I always ask them, why did you come to yoga today? Most of them stay silent hoping I’ll ignore them or just do anything, anything other than demand an answer. Today a couple of folks wanted a body mind connection.

 

You will move your body. You will breathe with intention to inspire that movement. That will connect your body and mind.

But your mind is a tricky construct created between you and impressions of the world. It is both your protector and foil. You want to connect to more of yourself than that. But the mind says there is nothing more. This is the work. And the work is intimacy that you were trained to avoid.

 

We are a network of nerves.

 

What does that have to do with your yoga practice? You came here expecting to move in familiar ways. You came here expecting me to tell you to breathe as if that was the measure of your endurance or consciousness, as if that done with precision will mean the yoga is working.

 

We see, hear, taste, smell, touch and think of that which comes in from an outside source. We have another sense of our movement in relation to space. Simultaneously, we have internal senses that measure impressions of the world within. These senses dictate our behavior both consciously and automatically.  We are a matrix of nerves wired to compute 24/7.

We are not familiar with all of ourselves because all of ourselves is vast beyond present measurement.

 

People come to yoga for relief and they try to blow past sensations like a suffering laborer bearing a birth.

 

What is the work of the yoga teacher as modern yoga’s timeline plays out in outdated studios that dot our cities like coffee shops? Statistics prove that despite the volume of Americans populating fitness centers, they are more overweight than ever.  And despite the volume of yoga studios, people seem less aware than ever.

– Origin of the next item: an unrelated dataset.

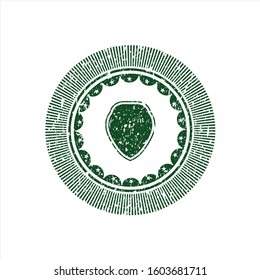 Green shield icon inside distress rubber texture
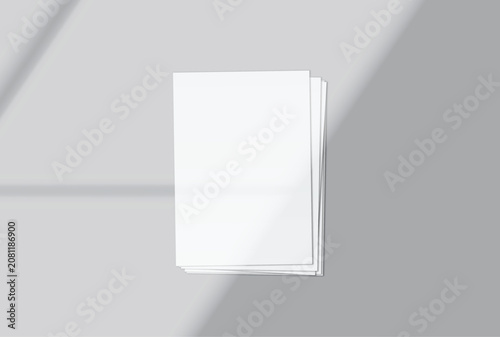 Blank white A4 paper sheets mockup on background with elegant organic shadow overlay. Perfect for displaying stationery designs, flyers, posters, branding, Ads and print design presentations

At the university where I teach there is a never ending stream of yoga devotees that come and go with their changing schedules. Many of them frequent local studios as well.  But they are less present than ever. The eyes seem lit by flickering candles when I’m looking for high beams. Not all, not always but….

 

 

Yesterday I asked my students if they were stoic. I told them, we are trained in this country for stoicism. Pull up your bootstraps. Do the work. Don’t complain. Don’t feel. Just do it. It’s not just the first settlers, those uptight pilgrims. We bring it from our individual cultures. How would anything get done if we sat around getting in touch with our authentic feelings?  We don’t have time for that. In a room of twenty plus students, most of them nodded their heads.

 

Yoga is a difficult intimacy. It is confrontational. It provokes. Your mind pushes back by demanding more breath to trick your body toward self satisfaction or self loathing. This is delusion. Yoga master takes on a dark meaning.

 

There is a worthy job for a yoga teacher. Guide the students toward sensitivity Ask for slower movement, for less movement, for more precise movement. Ask them again and again to stop and notice. Incite them to regard their reactions. Invite them to extend that to personal habit.

 

Create the yoga, the yoking, the marriage of philosophy and physical by entwining all manner of movement. Weave the present into the past and the past into the present and invite the ever evolving story of the person to unfold.